Por generaciones los tapatíos hemos probado ser capaces de
acostumbrarnos a todo, lo bueno y lo malo, de la floración de las
jacarandas a las tormentas que regularmente vuelven lacustre la ciudad,
de los domingos de Vía Recreactiva al transporte colectivo desastroso y
criminal, de nuestras variadas famas (fundamentadas o no) a los
gobernantes cretinos. Quizás de ahí vengan, parejamente, el gusto que
finalmente tenemos de ser como somos y la desesperación por eso mismo:
porque, tan poco hecha a cambiar de modos, esta ciudad puede ser
demasiado renuente o calmuda para animarse a reinvenciones de sí misma.
El caso es que también tenemos —y perdóneseme el uso del plural: al fin
que, desde mis perplejidades como habitante de Guadalajara, cada vez
sospecho más que es una ciudad que sólo puede existir en la imaginación,
y que el gentilicio sirve apenas como una convención que en realidad no
alcanza a precisar gran cosa, si por «tapatío» nos referimos lo mismo a
un vecino de la Federacha que a uno de Jardines del Bosque, uno de
Santa Tere, uno de San Juan Bosco, uno de Miravalle, uno de
Providencia... ¿y a un zapopano, un tonalteca, uno de San Pedro?—...
También tenemos, decía, una costumbre peculiar, fundada por una
extrañeza quizás excesiva para nuestros modos, y que, por así decirlo,
nos tomó desprevenidos y con la que ya no supimos nunca qué hacer: la
Plaza Tapatía. Estamos acostumbrados a no poder acostumbrarnos a ella.
En días pasados, el 5 de febrero, cumplió 30 años. Parece mucho tiempo
porque seguimos viéndola como algo que ignoramos qué podrá ser. Yo debo
confesar que no tengo una idea cabal de lo que se destruyó para que
fuera posible extenderla: recuerdo sólo una tarde en que mis papás me
llevaron a la Plaza de Toros El Progreso —un payaso funámbulo llamado
Chuchín cruzaba un alambre tendido sobre su diámetro, y el vértigo y el
sobrecogimiento de ver eso a mis cinco años, o algo así, habrá cancelado
cualquier otra impresión. Pero, ya que existía la plaza, fue
pareciéndome desde las primeras veces que la recorrí lo mismo que las
más recientes: que no debía estar ahí. Desproporcionada, postiza, hueca,
superpuesta a gigantescos y lóbregos estacionamientos, con vocaciones
malentendidas (¿un puente entre las Guadalajaras separadas por la
Calzada, una plaza comercial —la tienda departamental más importante que
tuvo, Salinas y Rocha, terminó largándose—, un paseo que puede terminar
muy bien, en el Cabañas, o muy mal, en San Juan de Dios?), y sobre todo
con ese adefesio monumental, «La Inmolación de Quetzalcóatl»,
ocurrencia perpetrada para halagar —se decía entonces, y se me hace que
ya se ha olvidado— a José López Portillo, excéntrico fan de esa deidad.

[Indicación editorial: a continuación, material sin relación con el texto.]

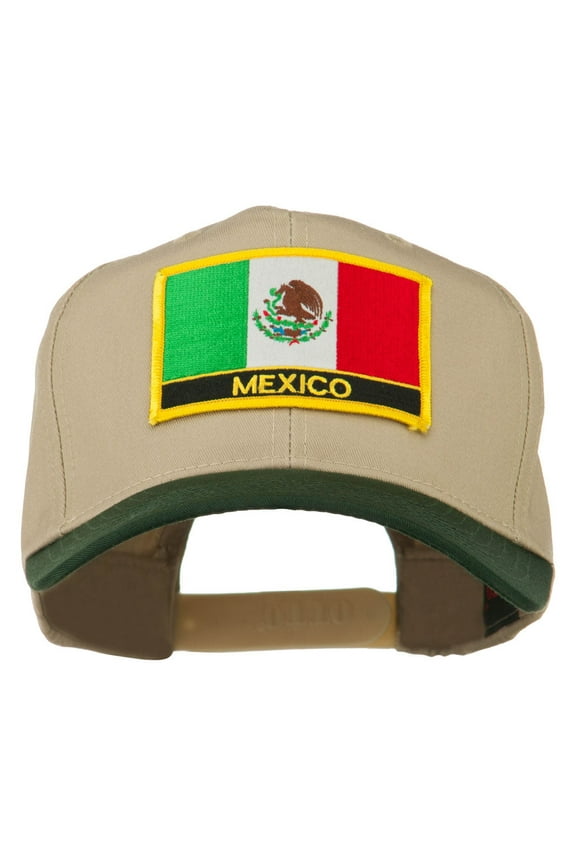 Mexico Flag Cotton Twill Pro Style Patched Cap - Green Khaki OSFM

No dudo que la Plaza Tapatía le sirva de algo a mucha gente que por ahí
trabaja o pasa (y que viva en sus inmediaciones, aunque debe de ser
poca). Pero veo muy difícil que alguien pueda encontrarla entrañable.
Desconcertante sí, siempre. Y tan inexplicable como horrenda.
Publicado en la columna «La menor importancia», en Mural, el jueves 23 de febrero de 2012.